Draft guidance from the government, being released for public comment, offer an early model for metrics that government agencies, businesses and other organizations could use as they select an appropriate cloud computing vendor partner.
“New cloud computing providers and services are entering the market at a dizzying pace. Different organizations and groups often use the same cloud computing terms with slightly different, or even contradictory meanings, leading to confusion among cloud service providers, customer and carriers,” according to NIST, an agency of the Department of Commerce. “The lack of clear definitions for cloud computing terms makes them inherently immeasurable.”

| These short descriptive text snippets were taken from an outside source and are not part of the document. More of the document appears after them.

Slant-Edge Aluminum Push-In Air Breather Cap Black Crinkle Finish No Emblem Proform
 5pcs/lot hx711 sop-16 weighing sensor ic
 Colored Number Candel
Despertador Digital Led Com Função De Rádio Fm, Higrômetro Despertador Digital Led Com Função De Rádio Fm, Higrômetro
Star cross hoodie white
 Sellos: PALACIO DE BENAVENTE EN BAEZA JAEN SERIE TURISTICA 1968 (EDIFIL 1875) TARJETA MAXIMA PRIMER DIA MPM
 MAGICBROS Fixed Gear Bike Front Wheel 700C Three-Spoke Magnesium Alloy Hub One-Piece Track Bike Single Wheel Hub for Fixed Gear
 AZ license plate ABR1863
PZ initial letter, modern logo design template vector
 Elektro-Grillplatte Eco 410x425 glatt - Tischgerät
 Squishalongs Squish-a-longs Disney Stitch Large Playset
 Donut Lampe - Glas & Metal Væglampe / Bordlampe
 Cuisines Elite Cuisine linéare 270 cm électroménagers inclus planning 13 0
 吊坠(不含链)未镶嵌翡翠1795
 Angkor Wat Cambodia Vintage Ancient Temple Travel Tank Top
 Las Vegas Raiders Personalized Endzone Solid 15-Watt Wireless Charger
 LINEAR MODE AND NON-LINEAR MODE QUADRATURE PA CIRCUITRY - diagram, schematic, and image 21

The draft guidance seeks to bring uniformity to the vocabulary of cloud service measurements that include abstract metric, abstract metric definition, cloud service property, concrete metric definition, context, measurement, measurement result, metric, observation, and unit of measurement.
The guidance also describes the “cloud service trifecta” which can be broken down into three general areas: service selection, service agreement and service verifications, along with supporting metrics. It further defines in detail a “cloud service metric model” with 23 elemental descriptions of the foundation diagram that describes a metric definition.
“Metrics for cloud computing services can be described using the model proposed in this document,” according to NIST. “The model represents the information needed to understand the targeted cloud property and which constraints should be applied during observation. The Cloud Service Metric (CSM) model describes the higher level concepts of the abstract metric definitions for a specific cloud service property; service uptime is a prime example. Definitions for abstract metrics contain parameters and rules to express a formal understanding of the property of interest. The CSM model also contains concrete metric definitions that are based on abstract metric definitions. Concrete metric definitions add specific values to rules and parameters that make the metric usable for a given scenario.”
NIST, which is responsible for accelerating the federal government’s use of cloud computing, is accepting public comment on the draft guidance through Jan. 24, 2015. The guidance and additional information is available here.
Last month, Dell released the results of a survey of 2,000 companies in 19 industries and 11 countries that looked at cloud computing adoption. What they found is that the healthcare industry is not only rapidly transforming but is more successfully closing the gap in cloud adoption compared to other industries. The Dell Global Technology Adoption Index Survey indicates that 96 percent of healthcare organizations are using or considering using the cloud and that confidence in the security of data stored in a private cloud environment is promising, with 64 percent indicating that they are “very confident” that their data is protected.